Brief vom 12. Juni 1757, von Bodmer, J. J. an Sulzer, J. G.

Ort: Zürich
Datum: 12. Juni 1757

den 12 Junius 57.

Mein wehrtester.

Ich hatte Ihnen den auftrag wegen des fabricanten S. mit einiger schüchternheit gemacht, izt bin ich Ihnen ungemein verbunden daß sie sich dieser sache, die doch extra tuum forum ist, mit solchem Fleisse annehmen. Mein l. Schwager hat die Ehre Ihnen in dem schreiben zu danken in welches diese Zeilen eingeschlossen sind. Er ist schon ein mann, der eine solche gefälligkeit verdienet, und ihren Werth erkennet.

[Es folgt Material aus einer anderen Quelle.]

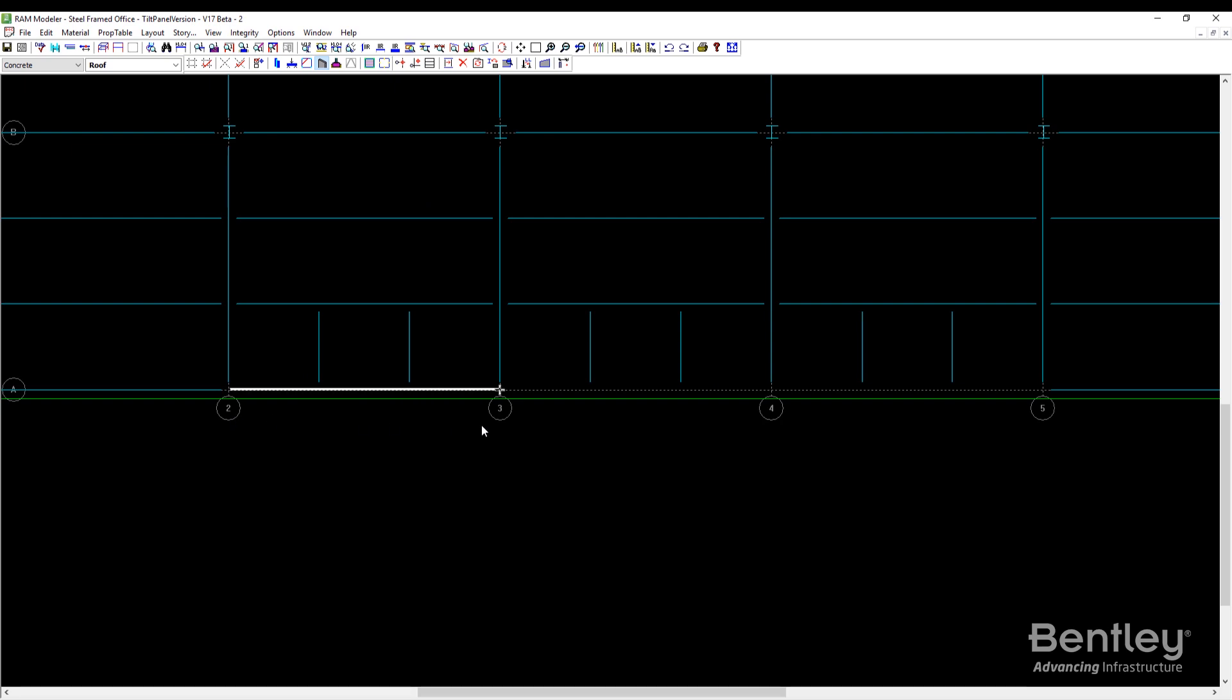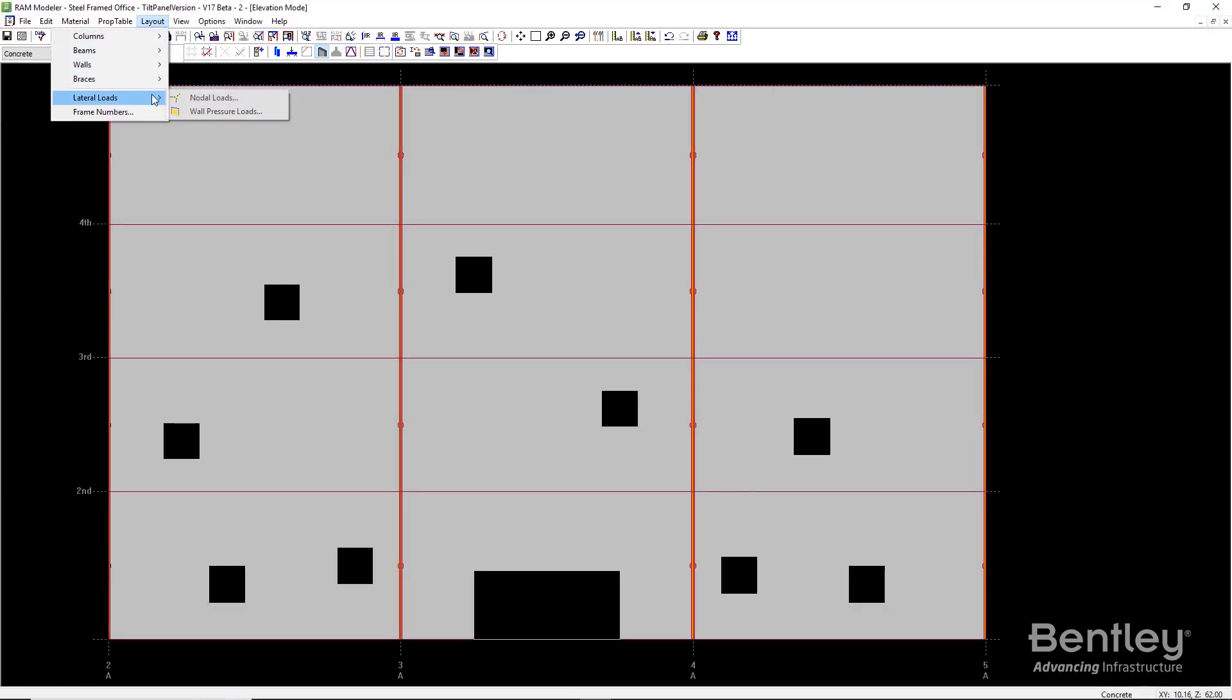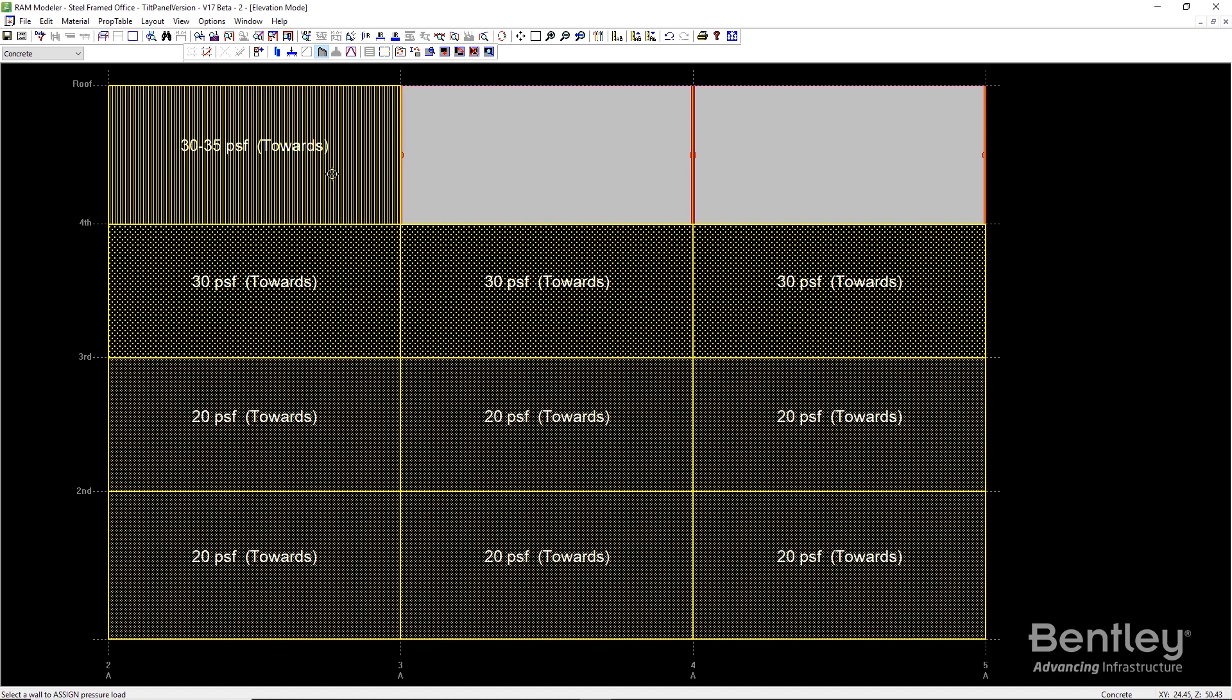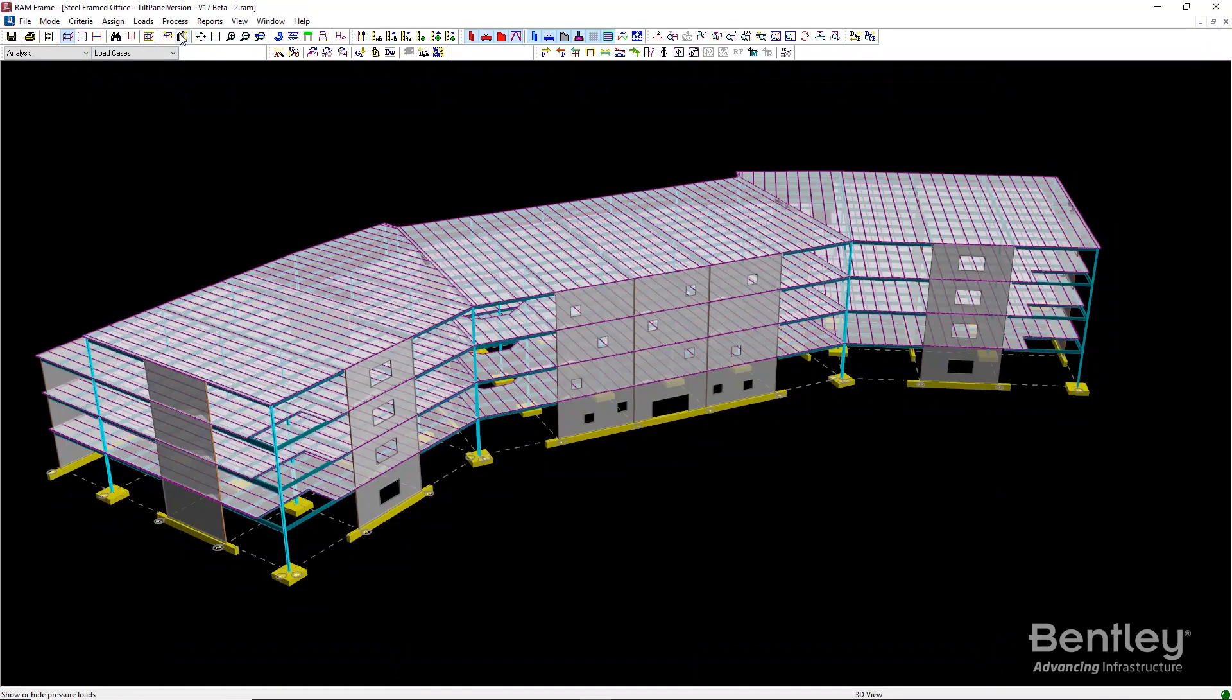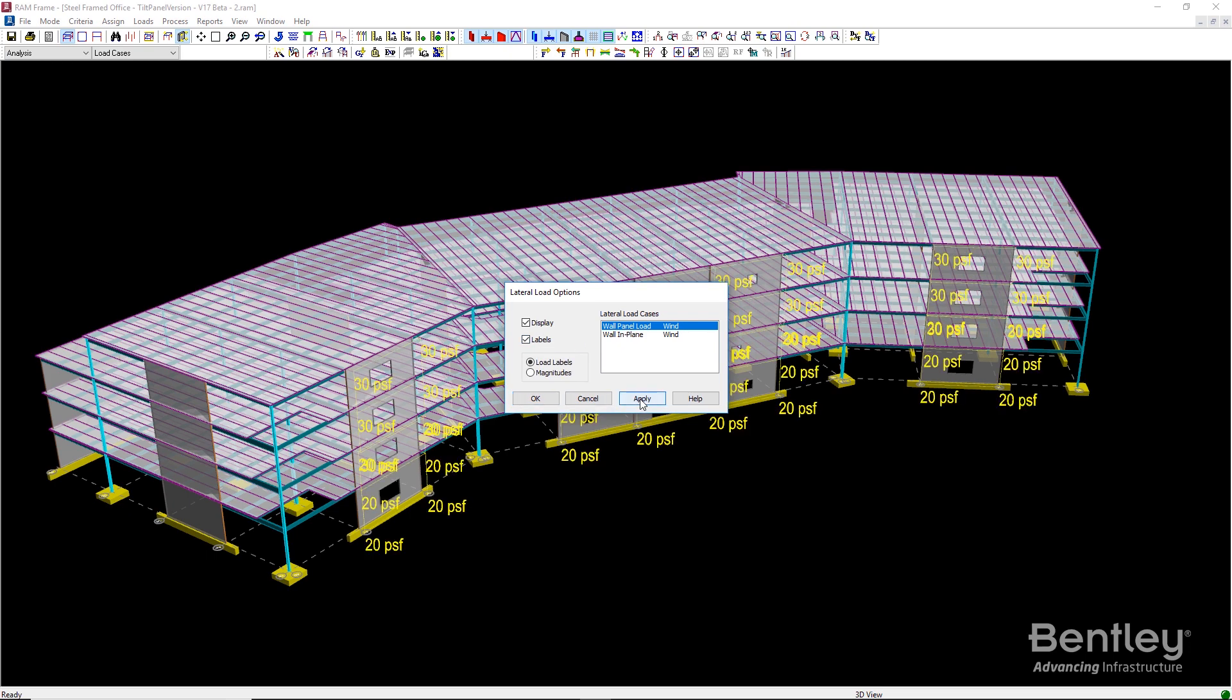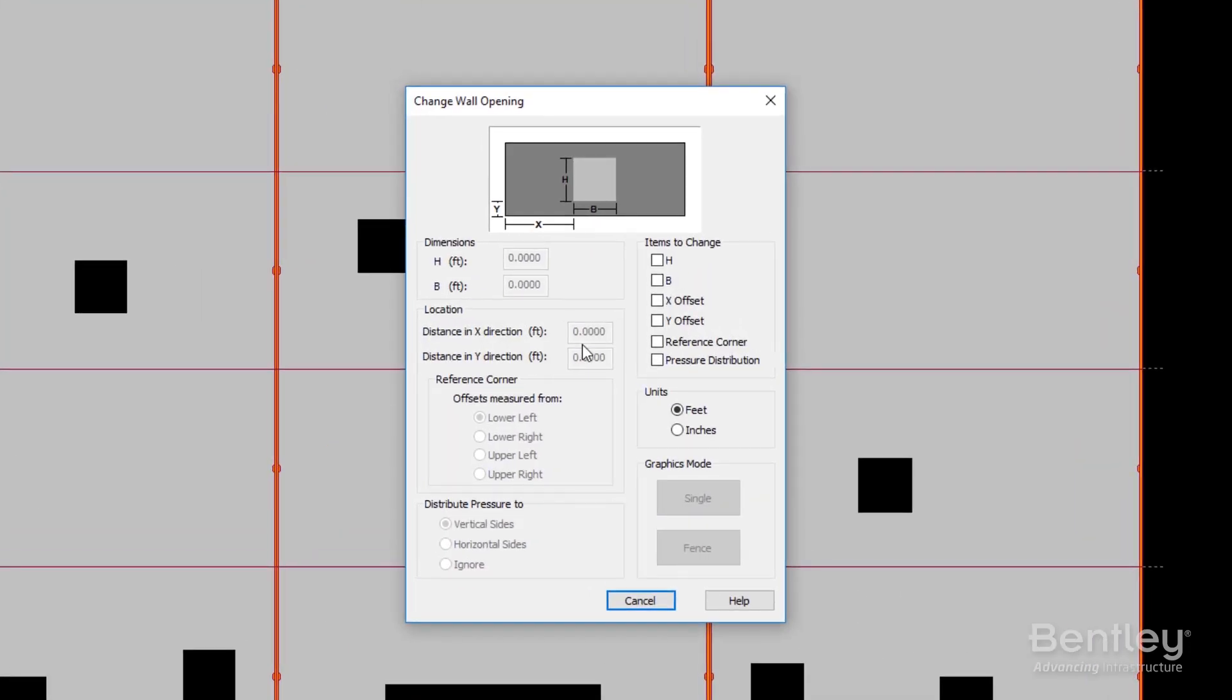Pressures can be applied orthogonal to walls. These pressures can either be a constant magnitude or vary linearly over the height of the wall. The distribution of pressure around wall openings may be controlled using specific wall opening parameters.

Die schnellen progresse des Königs haben W. schon mehrmals in versuchung geführt, aber der geist der ode hat noch nicht auf ihn kommen wollen. Wir sehen den sieger an für ein Werkzeug in der hand der vorsehung, die potentaten an ihre Menschlichkeit und unterthänigkeit zu erinnern. Bald hoffen wir ihn auch als den gesetzgeber des deutschen R. zu sehen; der ihm eine bessere Consistenz giebt. Es ist nicht zu sagen, wie ihm die Catholischen fluchen, aber die segnungen der protestanten entschädigen ihn reichlich. Der Obriste Lochmann und sein major, Muralt, sind noch immer relegiert. Der Obrist hatte ordre bekommen vor Geldern zu gehen, es blokieren zu helfen. Er wuste damalen daß er destinirt war weiter in Westphalen und bis Hanover zu marchieren. Er refusirte das alles mit vorstellung, daß die Capitulation nur defensio wäre, und das deutsche Reich mit Nahmen ausgedungen wäre. Er hätte stricten befehl von seiner Republik, und das bürgerrecht stühnde ihm und seinen officieren darauf. Er unterredete sich darüber mit diesen, und sie thaten dieselbe Erklärung. Der Prinz von Soubize und Maillebois schrieben nach Hof und an den marquis von Paulmi, der des Maillebois schwager ist. Lochmann berichtete die sache unserm stande, der sein betragen lediglich guthieß, und dem ambassador, der izt zu Versailles ist, dem marquis de paulmy und dem Comte d'Eu solches mit einiger rechtfertigung declarierte. Eh diese 3 briefe zu Paris seyn konnten empfingen wir von Hrn. von Chavigni einen bösen brief, darinn er Lochmans refus für insoutenable giebt und begehrt, daß der stand ihn bestrafe damit der K. es nicht thun müsse. Darauf hat man nicht geantwortet weil man geglaubt, die antwort wäre in den vorbesagten briefen enthalten. Aber auch auf diese briefe ist hingegen bis auf diesen tag nichts antwortendes eingekommen. An statt dessen haben Lochman und Muralt ordre du Roi bekommen nach Lisle und Valenciennes zu gehen, wo sie alle Freiheit haben ausgenommen daß sie ausser der Stadt nicht über nacht bleiben dürfen. Das Regiment ligt izt in der stadt Cöln.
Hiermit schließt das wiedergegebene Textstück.